◆ **Annotated photo localization data**
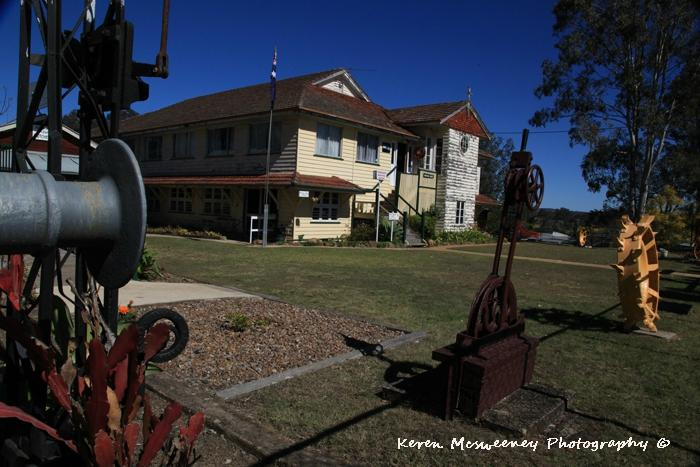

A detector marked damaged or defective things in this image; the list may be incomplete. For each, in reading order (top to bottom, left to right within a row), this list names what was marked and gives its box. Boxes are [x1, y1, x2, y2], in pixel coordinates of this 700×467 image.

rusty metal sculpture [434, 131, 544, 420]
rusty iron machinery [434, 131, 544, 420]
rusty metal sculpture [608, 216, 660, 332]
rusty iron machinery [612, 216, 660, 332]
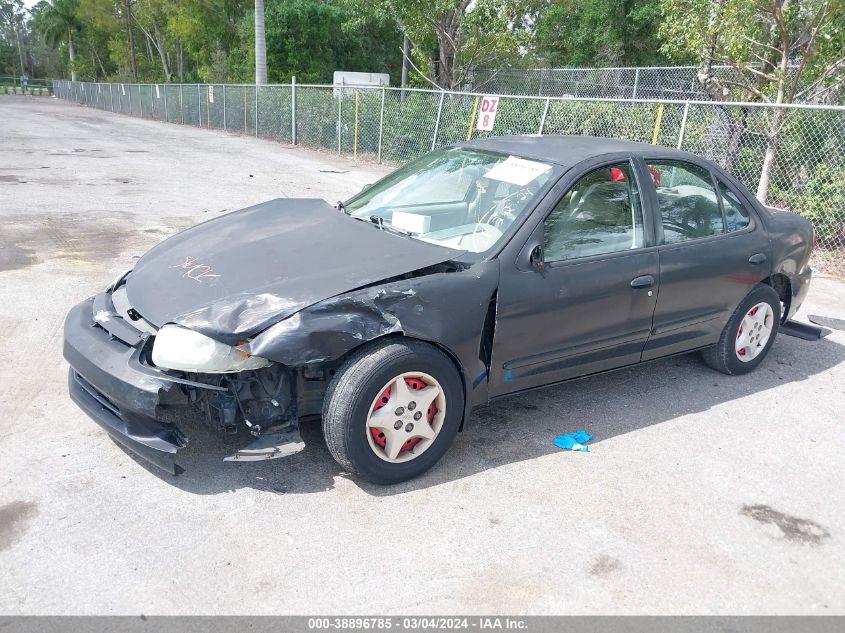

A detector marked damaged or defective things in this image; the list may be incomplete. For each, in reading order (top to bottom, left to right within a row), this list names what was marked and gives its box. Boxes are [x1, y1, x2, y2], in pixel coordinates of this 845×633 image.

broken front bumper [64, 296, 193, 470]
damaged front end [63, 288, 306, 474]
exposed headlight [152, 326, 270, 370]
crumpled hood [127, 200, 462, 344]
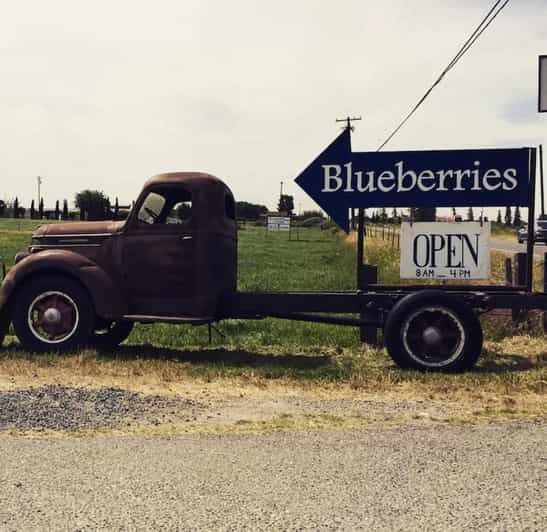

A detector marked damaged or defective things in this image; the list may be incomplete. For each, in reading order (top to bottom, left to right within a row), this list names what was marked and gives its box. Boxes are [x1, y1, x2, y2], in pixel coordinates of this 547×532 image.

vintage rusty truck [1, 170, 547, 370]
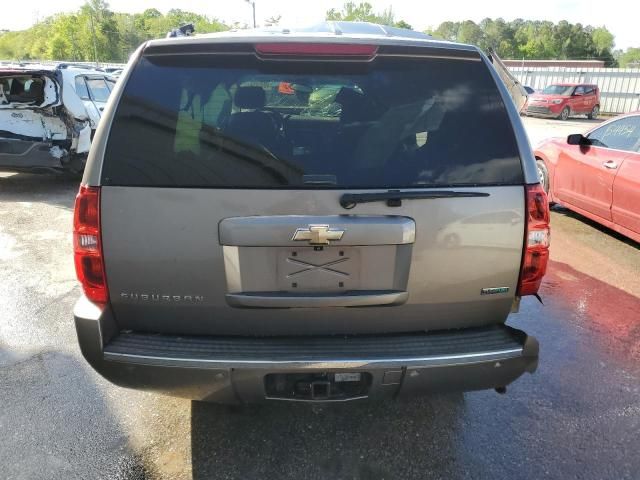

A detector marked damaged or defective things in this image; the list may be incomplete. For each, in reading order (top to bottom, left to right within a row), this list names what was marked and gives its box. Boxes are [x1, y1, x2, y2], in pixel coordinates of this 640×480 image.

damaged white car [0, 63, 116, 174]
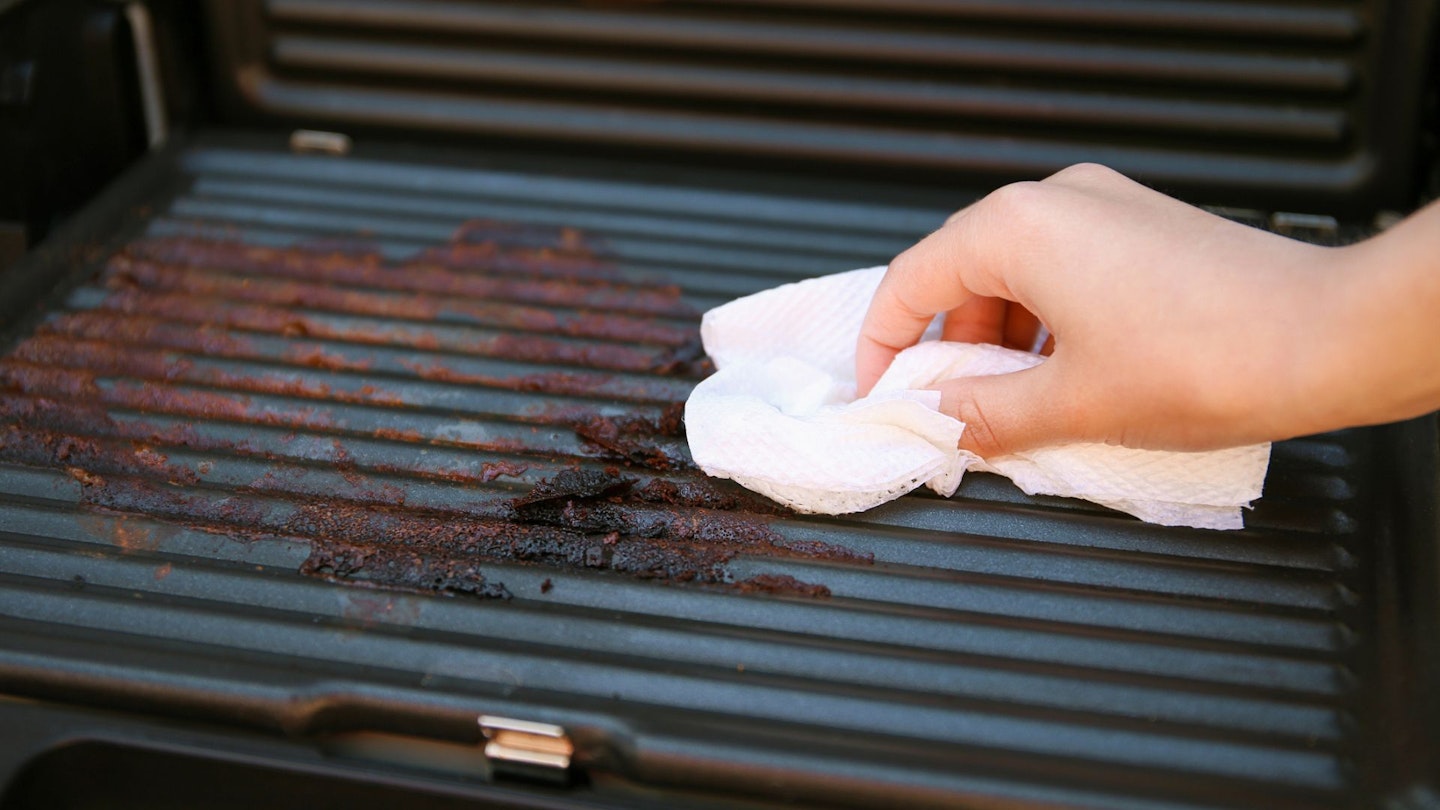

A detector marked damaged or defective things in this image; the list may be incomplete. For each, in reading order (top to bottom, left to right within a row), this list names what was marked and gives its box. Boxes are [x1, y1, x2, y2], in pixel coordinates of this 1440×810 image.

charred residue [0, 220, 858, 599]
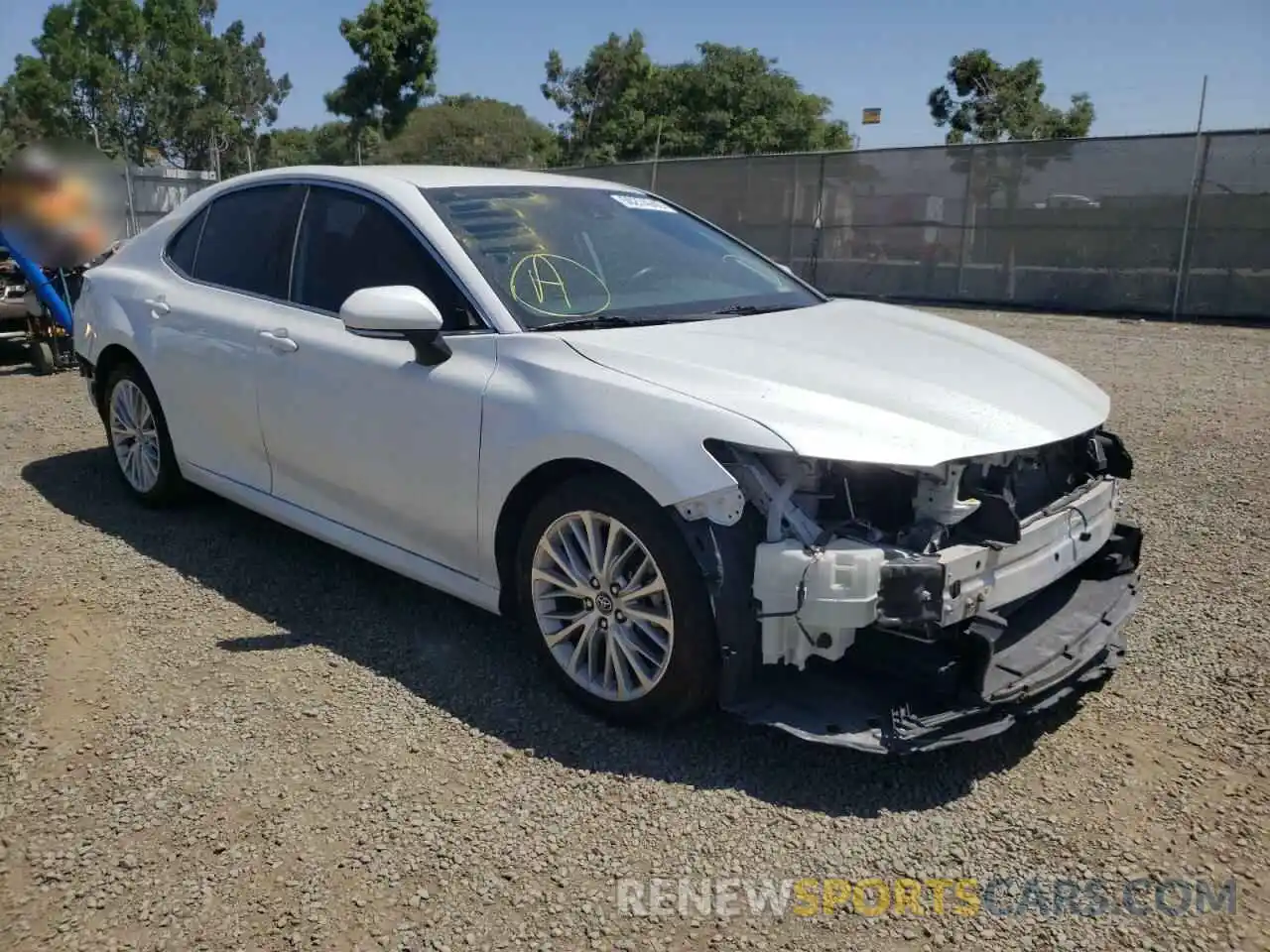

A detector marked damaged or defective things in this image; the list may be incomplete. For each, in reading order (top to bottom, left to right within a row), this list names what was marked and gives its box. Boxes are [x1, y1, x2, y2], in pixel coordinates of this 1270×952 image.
--
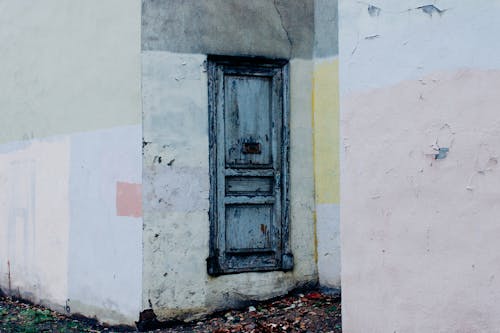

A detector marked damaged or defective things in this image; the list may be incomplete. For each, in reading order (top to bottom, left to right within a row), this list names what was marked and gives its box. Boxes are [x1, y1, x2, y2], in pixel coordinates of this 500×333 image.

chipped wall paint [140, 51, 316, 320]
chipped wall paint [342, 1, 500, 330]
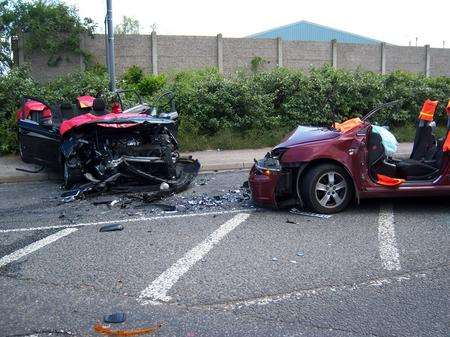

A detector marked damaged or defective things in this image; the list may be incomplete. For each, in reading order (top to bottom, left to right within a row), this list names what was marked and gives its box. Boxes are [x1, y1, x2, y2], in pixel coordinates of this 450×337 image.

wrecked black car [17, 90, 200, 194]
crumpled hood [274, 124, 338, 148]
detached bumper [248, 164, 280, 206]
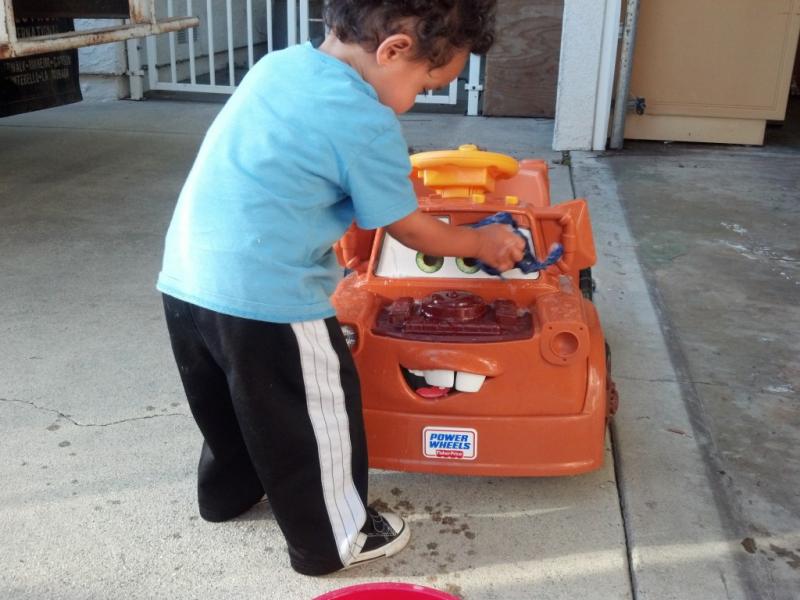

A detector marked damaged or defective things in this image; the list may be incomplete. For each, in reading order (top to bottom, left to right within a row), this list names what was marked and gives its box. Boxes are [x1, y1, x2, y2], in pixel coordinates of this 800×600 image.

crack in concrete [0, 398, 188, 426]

◆ **Exercise directions**
Lines wanted from the entries above: the one with "this 1440×810 image.", the one with "this 1270×952 image.", and all lines between. Please copy them exactly, without the pictures and without anything else.

◆ **Output for this task**
A detector marked damaged or defective things in this image; the list may be incomplete. For each, in reading order (top to bottom, left to right within a row), this list names what was marked and gives its box. Boxes are [x1, y1, x2, y2], in pixel coordinates of this 1440×810 image.

charred residue [0, 220, 858, 599]

A detector marked damaged or defective things in this image; the list may be incomplete. For each, in reading order (top to bottom, left to right within a row), this list names what was marked and gives its box. Boxes are [x1, y1, x2, y2], in pixel coordinates of this 1270×952 image.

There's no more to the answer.